Title :
Efficient software-based fault tolerance approach on multicore platforms
Author :
Mushtaq, Hamid ; Al-Ars, Zaid ; Bertels, Koen
Author_Institution :
Computer Engineering Laboratory, Delft University of Technology, Netherlands
Abstract :
This paper describes a low overhead software-based fault tolerance approach for shared memory multicore systems. The scheme is implemented at user-space level and requires almost no changes to the original application. Redundant multithreaded processes are used to detect soft errors and recover from them. Our scheme makes sure that the execution of the redundant processes is identical even in the presence of non-determinism due to shared memory accesses. It provides a very low overhead mechanism to achieve this. Moreover it implements a fast error detection and recovery mechanism. The overhead incurred by our approach ranges from 0% to 18% for selected benchmarks.
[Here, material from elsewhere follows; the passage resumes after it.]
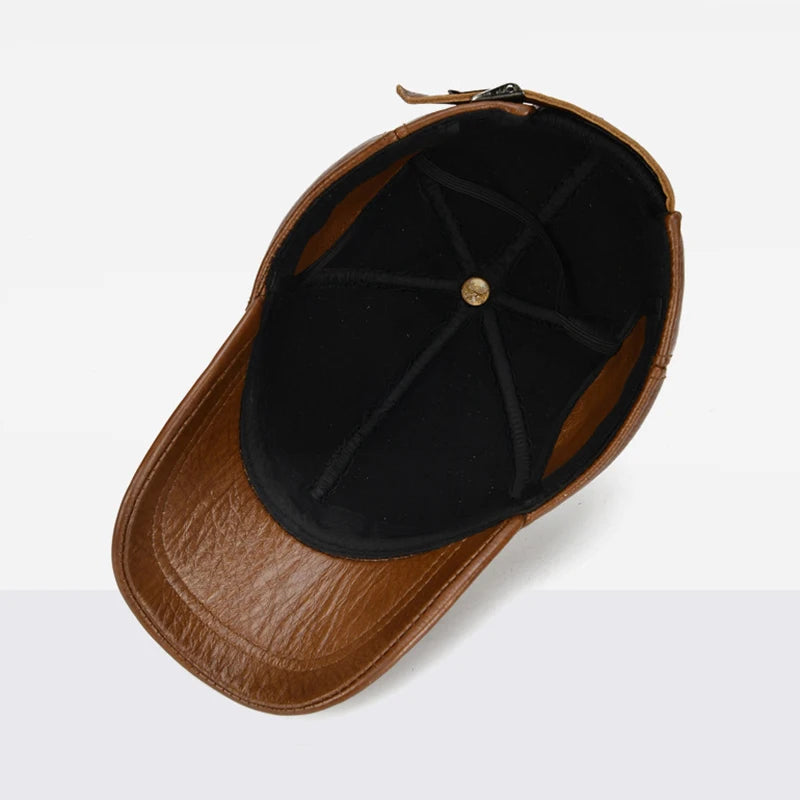 2025 Adjustable Men's Genuine Cowhide Leather Baseball Cap for Fall Winter Outdoor Sports Hat Men Real Cowhide Leather Caps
This is lower than comparable systems published in literature.
Keywords :
Benchmark testing; Clocks; Fault tolerance; Fault tolerant systems; Instruction sets; Libraries; Synchronization;
Conference_Titel :
Design, Automation & Test in Europe Conference & Exhibition (DATE), 2013
Conference_Location :
Grenoble, France
Print_ISBN :
978-1-4673-5071-6
DOI :
10.7873/DATE.2013.194